Der Stiefstiefenkel – die Wahrscheinlichkeitsrechnung
Und warum ist nun innerhalb der Mathematik die Wahrscheinlichkeitsrechnung das Stiefkind? Mir persönlich wurde das erst nach und nach bewusst. Die einfachste und womöglich beste, sofort einleuchtende Begründung ist die hier: Wer die Mathematik liebt, sich zu ihr hingezogen fühlt, hat eigentlich eine ganz spezielle Neigung. Das ist die Neigung zur Exaktheit. Die Mathematik ist exakt. Es gibt eine Aussage, diese versucht man, zu beweisen, gelegentlich zu widerlegen. Die Aussage ist „wahr“ oder die Aussage ist „falsch“, 1 oder 0. Was ist dann der Wert einer Aussage „es ist wahrscheinlich“, also „es scheint wahr “? Da lass ich die Finger von, scheint wahr, igitt, das ist doch keine Mathematik. Noch dazu soll ja gerade der Schein oft genug trügen…

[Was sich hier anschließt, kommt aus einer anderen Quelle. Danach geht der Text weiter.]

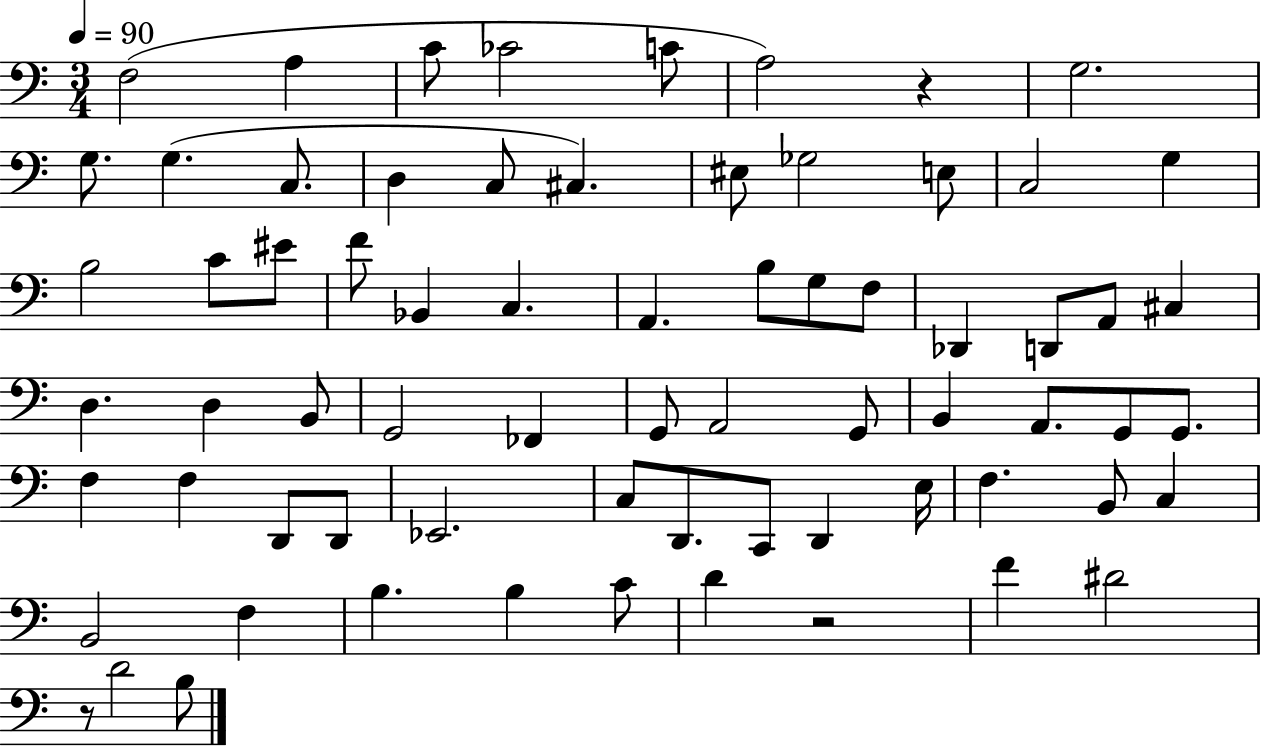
F3/h A3/q C4/e CES4/h C4/e A3/h R/q G3/h. G3/e. G3/q. C3/e. D3/q C3/e C#3/q. EIS3/e Gb3/h E3/e C3/h G3/q B3/h C4/e EIS4/e F4/e Bb2/q C3/q. A2/q. B3/e G3/e F3/e Db2/q D2/e A2/e C#3/q D3/q. D3/q B2/e G2/h FES2/q G2/e A2/h G2/e B2/q A2/e. G2/e G2/e. F3/q F3/q D2/e D2/e Eb2/h. C3/e D2/e. C2/e D2/q E3/s F3/q. B2/e C3/q B2/h F3/q B3/q. B3/q C4/e D4/q R/h F4/q D#4/h R/e D4/h B3/e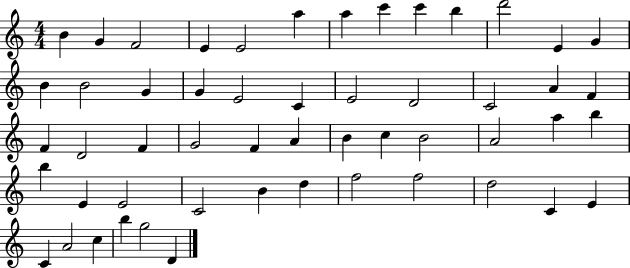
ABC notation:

X:1
T:Untitled
M:4/4
L:1/4
K:C
B G F2 E E2 a a c' c' b d'2 E G B B2 G G E2 C E2 D2 C2 A F F D2 F G2 F A B c B2 A2 a b b E E2 C2 B d f2 f2 d2 C E C A2 c b g2 D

Diese Begriffsüberlagerung ist natürlich kein Zufall und hat eben besagte Konsequenzen. Scheint wahr geht einfach nicht. Man kann halt ein paar Aussagen treffen und das war es. Ab jetzt machen wir richtige Mathematik (so der Unterton der Mathematiker; leider muss ich weiterhin behaupten, dass selbst dieses ihnen nicht bewusst ist; alle, die aus gutem Grund widersprechen bitte aufstehen).
Wenn wir uns den Begriff noch genauer anschauen, das Wort „wahrscheinlich“ wurde sicher lange vor Erfindung dieser umständlichen Formeln und Rechenmethoden eingeführt, einfach verwendet. Und man bezeichnet etwas damit. Das, was man bezeichnet, ist eigentlich ein Ereignis, was (deutlich) über 50% liegt. „Wahrscheinlich wird es heute regnen, nimm einen Schirm mit.“ Sonst würde man ja sagen: „Vielleicht…, aber nimm ihn trotzdem mit“. Oder, so kann man es auch sagen: Wahrscheinlich steht für große Wahrscheinlichkeiten, bei kleineren sagt man eher, es ist unwahrscheinlich. Also selbst der Begriff hält einer echten Prüfung nicht mal stand.

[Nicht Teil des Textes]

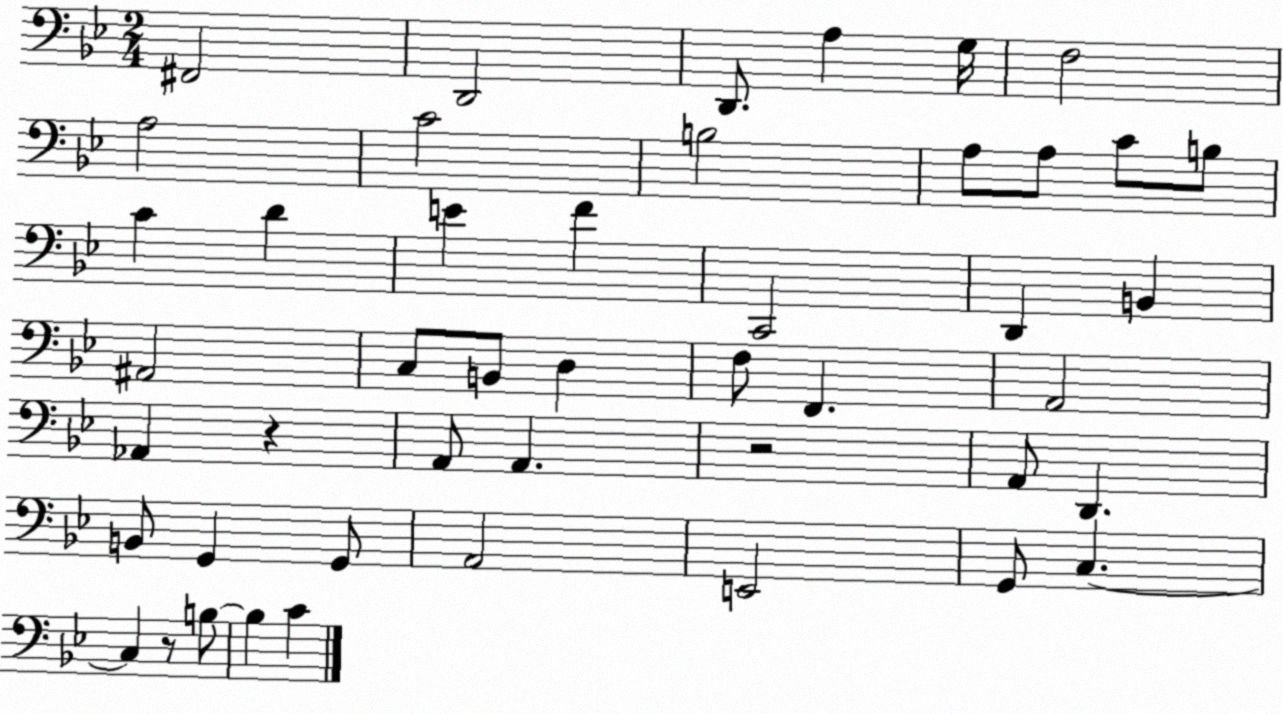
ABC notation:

X:1
T:Untitled
M:2/4
L:1/4
K:Bb
^F,,2 D,,2 D,,/2 A, G,/4 F,2 A,2 C2 B,2 A,/2 A,/2 C/2 B,/2 C D E F C,,2 D,, B,, ^A,,2 C,/2 B,,/2 D, F,/2 F,, A,,2 _A,, z A,,/2 A,, z2 A,,/2 D,, B,,/2 G,, G,,/2 A,,2 E,,2 G,,/2 C, C, z/2 B,/2 B, C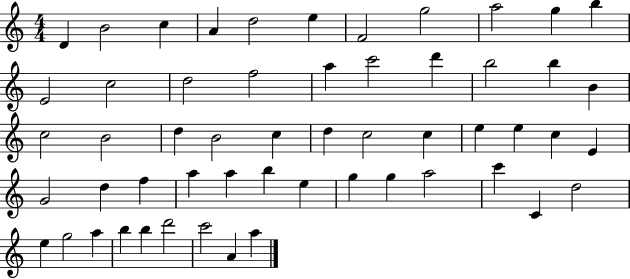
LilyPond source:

{
  \clef treble
  \numericTimeSignature
  \time 4/4
  \key c \major
  d'4 b'2 c''4 | a'4 d''2 e''4 | f'2 g''2 | a''2 g''4 b''4 | \break e'2 c''2 | d''2 f''2 | a''4 c'''2 d'''4 | b''2 b''4 b'4 | \break c''2 b'2 | d''4 b'2 c''4 | d''4 c''2 c''4 | e''4 e''4 c''4 e'4 | \break g'2 d''4 f''4 | a''4 a''4 b''4 e''4 | g''4 g''4 a''2 | c'''4 c'4 d''2 | \break e''4 g''2 a''4 | b''4 b''4 d'''2 | c'''2 a'4 a''4 | \bar "|."
}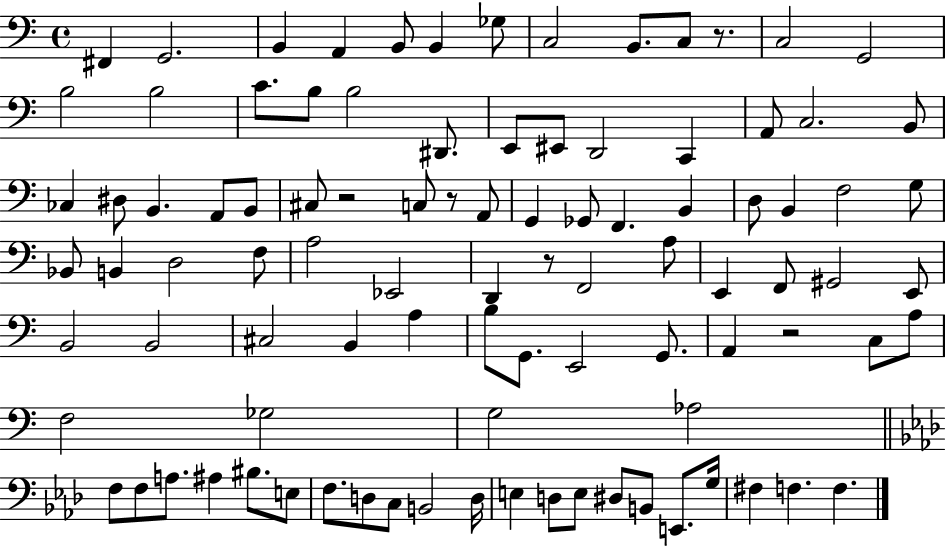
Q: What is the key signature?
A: C major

Wenn ich also solche Gespräche höre (oder dummerweise manchmal daran teilnehme, hineingezogen werde), frage ich u.U. zurück: „Ja, wie wahrscheinlich ist es denn?“ Aber man zieht sich eher Zorn zu.
Eine weitere Begründung sehe ich übrigens darin, dass ein Jeder, auch der Mathematiker, ein Bedürfnis nach Sicherheit hat. Aber es kann sogar sein, dass man zum Mathematiker wird, auf Grund dieses, im Verhältnis zur Restbevölkerung noch größeren Strebens nach Sicherheit. Man möchte nicht irgend eine andere Wissenschaft betreiben, Physik, Chemie, da stellt man irgend etwas fest, kann das bedeuten, kann auch das bedeuten, Interpretationen, im Zweifel ein Messfehler und so weiter. Gerade der Mathematiker wird dazu, weil er Unwägbarkeiten ausschließen möchte, ganz speziell und bewusst, also womöglich ist es sogar eine Charakterfrage. Mathematik und Unwägbarkeit, das passt nicht.